Lauren van Haaften-Schick & Charles Simonds (2018) To Offer/To Exchange, Performance Research, 23:6, 12-19, DOI: 10.1080/13528165.2018.1533751.
Journal digital edition: https://doi.org/10.1080/13528165.2018.1533751
Download manuscript pdf here.
Abstract:
Since 1970 artist Charles Simonds has created miniature clay Dwellings for an invented civilization of ‘little people’. Sited in the margins of urban public space, they appear as playful and generous interventions in decaying and chaotic city landscapes.
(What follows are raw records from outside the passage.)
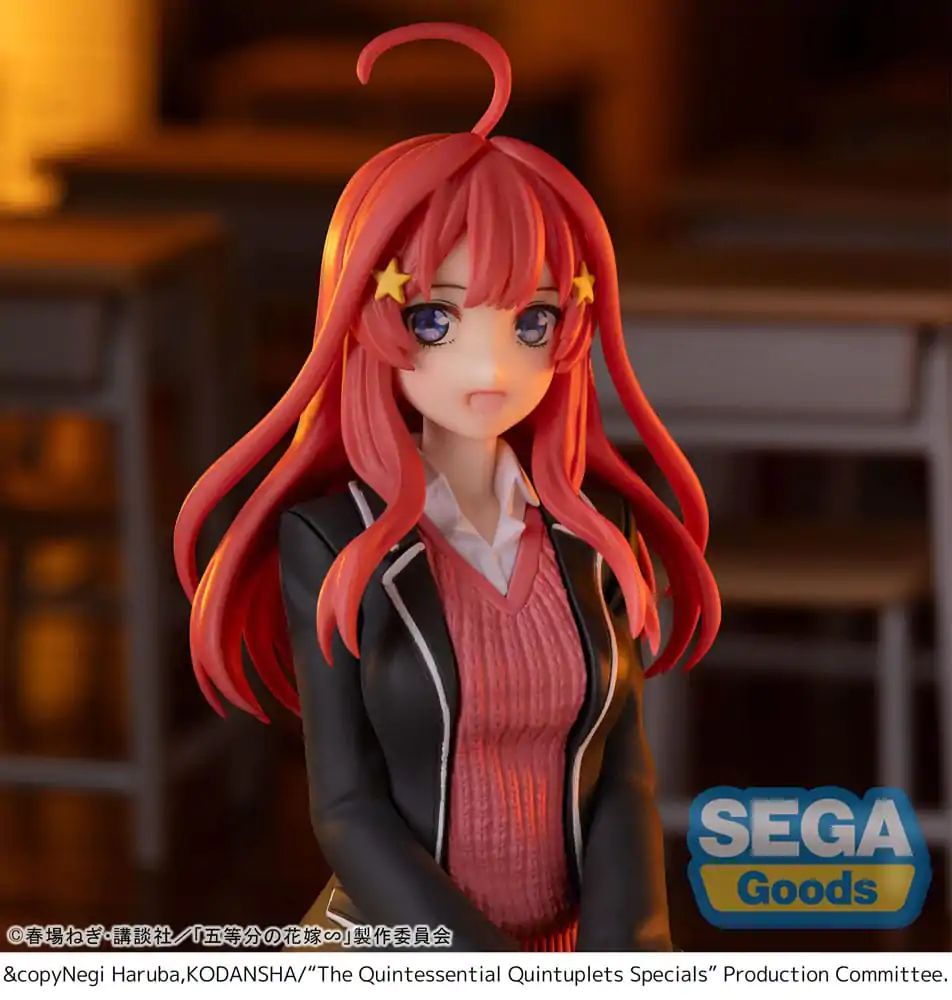 The Quintessential Quintuplets Specials PM Perching PVC Kip Itsuki Nakano 10 cm fotografija izdelka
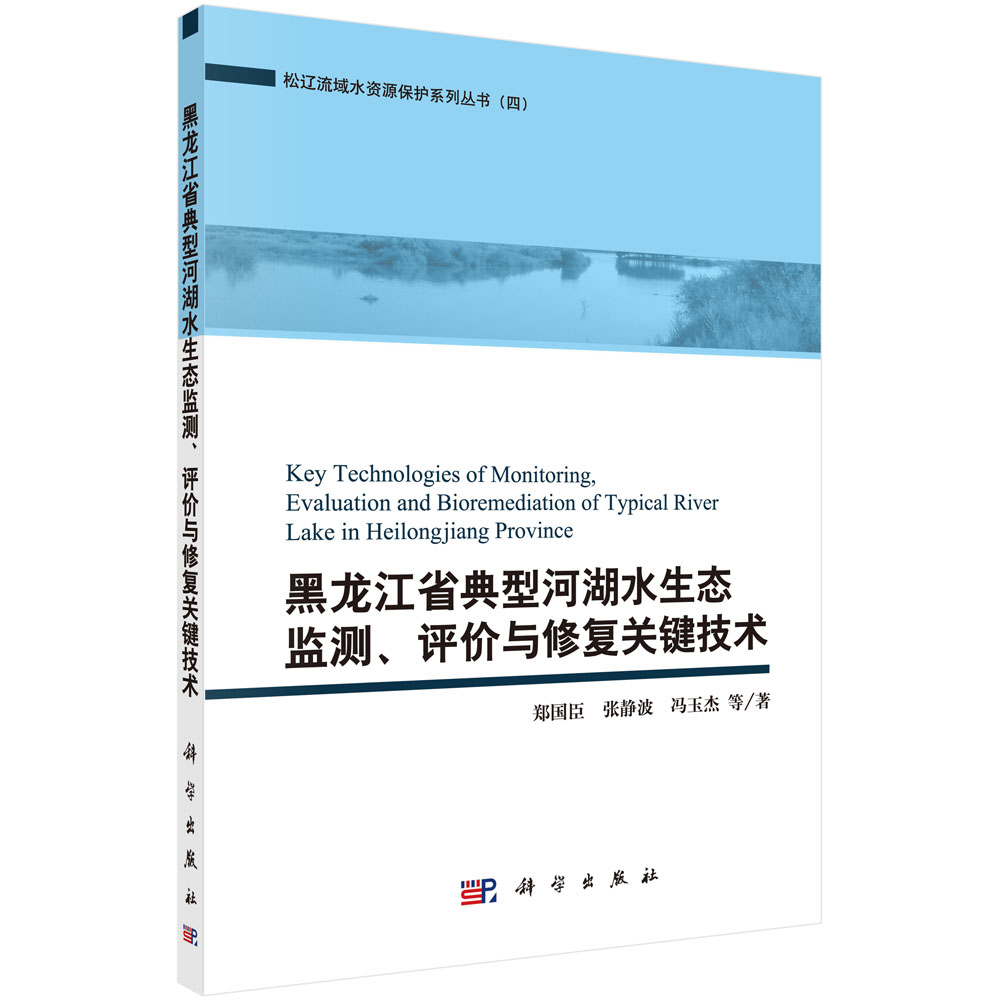 黑龙江省典型河湖水生态监测、评价与修复关键技术 pdf格式下载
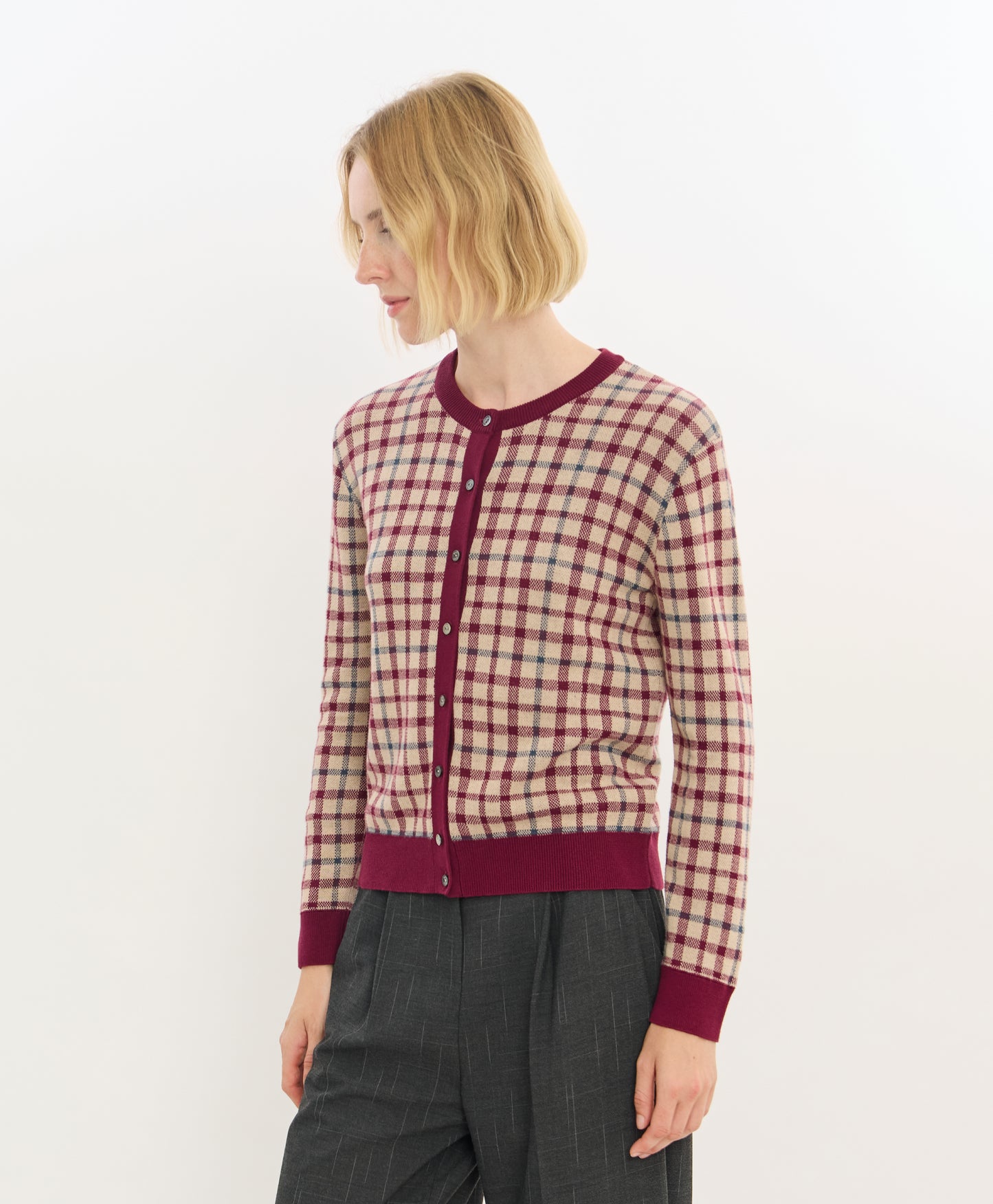 Women's  Long-Sleeves Cardigan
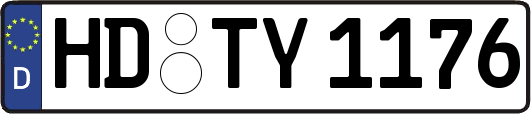HD-TY1176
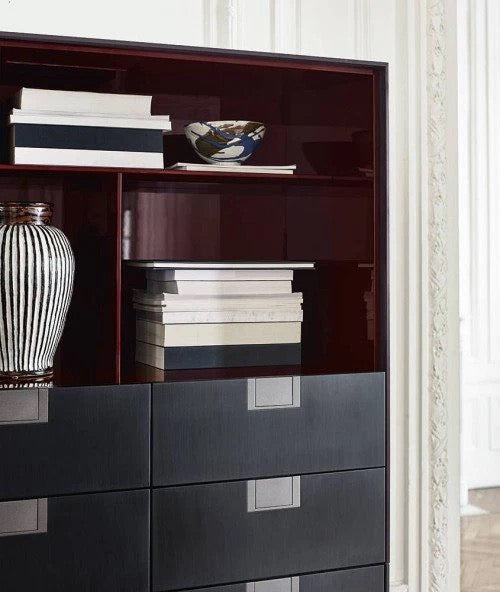 Maxalto B&B italia Alcor buffetkast vv laden en deuren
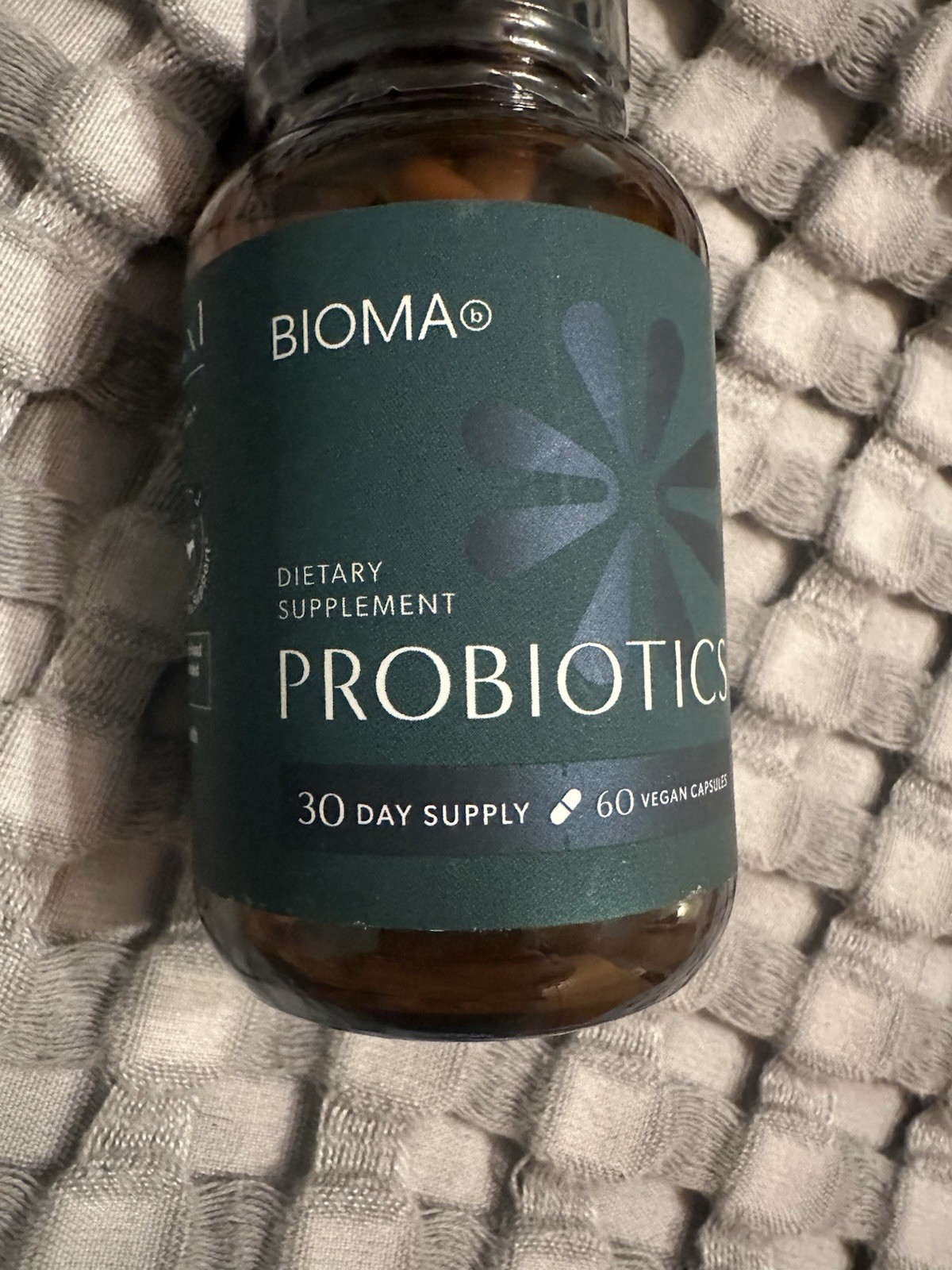 Bioma Probiotics Dietary Supplement for Digestive & Gut Health 60 Caps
Passers-by stumbling upon these structures often linger to observe Simonds’ slow and measured work and sometimes take it upon themselves to watch over the Dwellings, caring for ‘theirs’ as a cherished part of a neighbourhood. Beginning amidst an artistic climate of experimenting with alternative exhibition models and an ethos of democratic circulation – as in conceptual art’s various ‘dematerialized’ practices and in earthworks – the Dwellings take on the issue of dissemination by proposing that they be encountered as ‘a gift, free and clear’. Setting Simonds’ practice apart is his priority that the work exists as a public good. That intent is reinforced by the Dwelling’s very materiality, for the inevitable crumble or erosion of clay renders them so fragile that moving them would destroy them, ensuring that they can never be privately owned, but can also never be preserved, ‘whether motivated by a heartfelt, helpful desire to protect them, by greed or personal gain, or simply by the innocent desire to have one for himself’. That is not to say that the Dwellings leave nothing to be possessed – what can be kept simply does not resemble familiar objects of property. Instead, the works are carried forward as memory or embodied archive by those who have experienced them. These aspects of the work demand, in perpetuity, a wholly different notion of exchange that is more akin to an offering, and, indeed, to a gift, in all valences of the term. These observations are the springboard for a series of conversations between Simonds and van Haaften-Schick in 2016 and 2018.